Friday, June 25, 2010

Papier Machet Martyr


Thank God we live in a country where military insubordination ends with catty dishing in Rolling Stone rather than tanks around the White House.

Of all the classical democratic and republican ethics and virtues that our government ignores at will, the separation between the military the the elected leadership has remained surprisingly strong.

The president made the correct decision in firing General McCrystal for his insubordination. And thank God we live in a country where the punishment for insubordination is a golden parachute rather than a lead slug.

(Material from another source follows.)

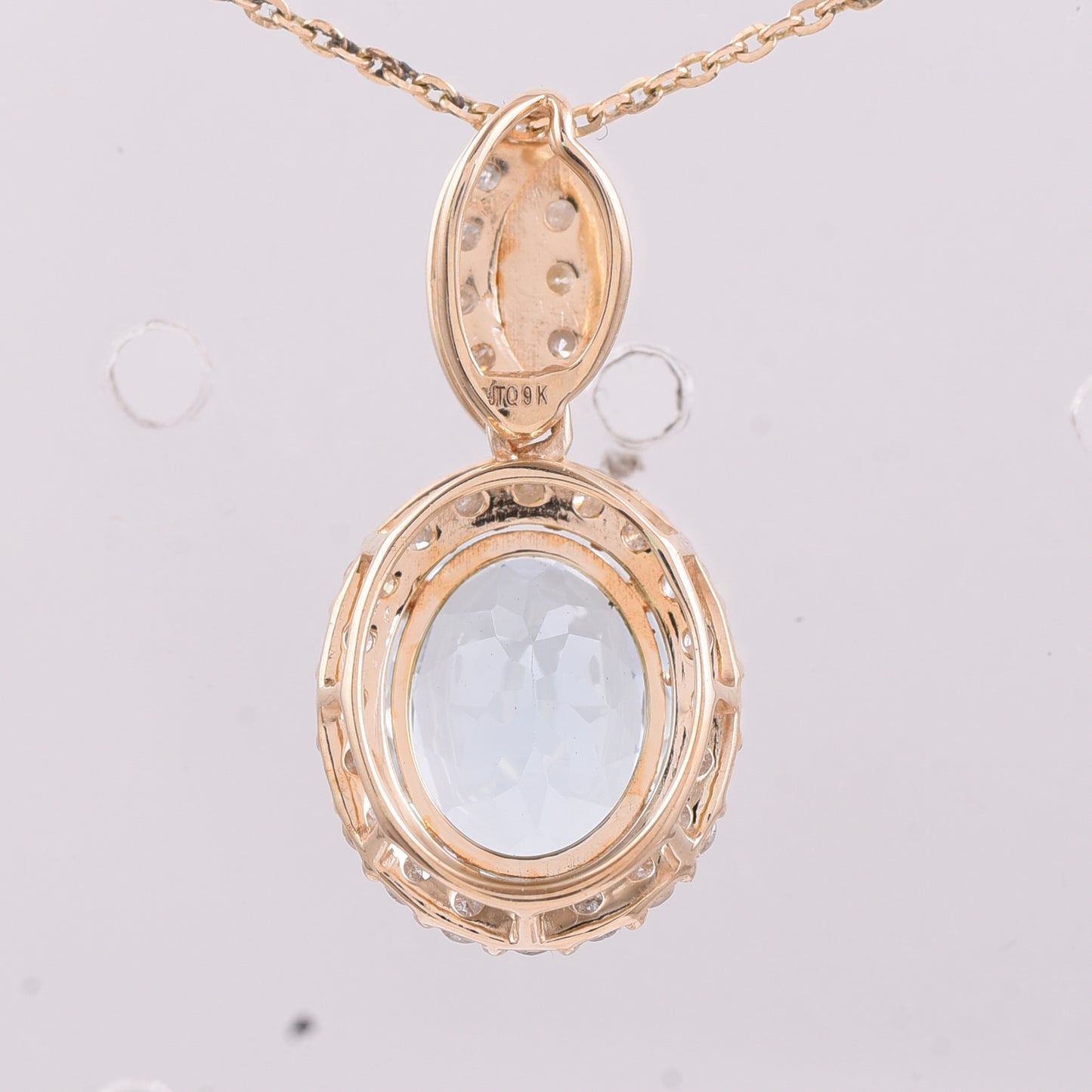 1.80 Ct Oval Aquamarine 9K Gold Pendant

For the general to mock the civilian leadership is the most fundamental sin of our system of government. Since the world is not nearly as neat as we would like, the general is often right. But if he undermines the president, he is wrong by definition.

Despite all that, McCrystal's critique doesn't really have a leg to stand on, since he is criticizing the president who embraced McCrystal's military advice of doubling down in Afghanistan. He asked for it. He got it. Then, when it didn't work, he sandbagged it.

But the issue is not McCrystal, who i presume is a very good man. The issue is the policy. My last blog was about the hamster wheel. So is this one, I now realize.

This war is the longest war we've fought in our history. And it won't end until we decide to stop fighting it. We've gotten nowhere. Afghanistan is no better off than it was 9 years ago, and neither are we.

It's just a hamster wheel. But the wheel spins quicker recently, lubricated as it is with blood. American deaths are now approaching Iraq numbers. We're on pace to lose 100 American lives in Afghanistan this month. For what? Can anyone answer that question?

I can. For nothing. For false pride. For an illusion. For the feeling, carried even by Barack Hussein Obama, that war, deep down, is necessary and not altogether bad.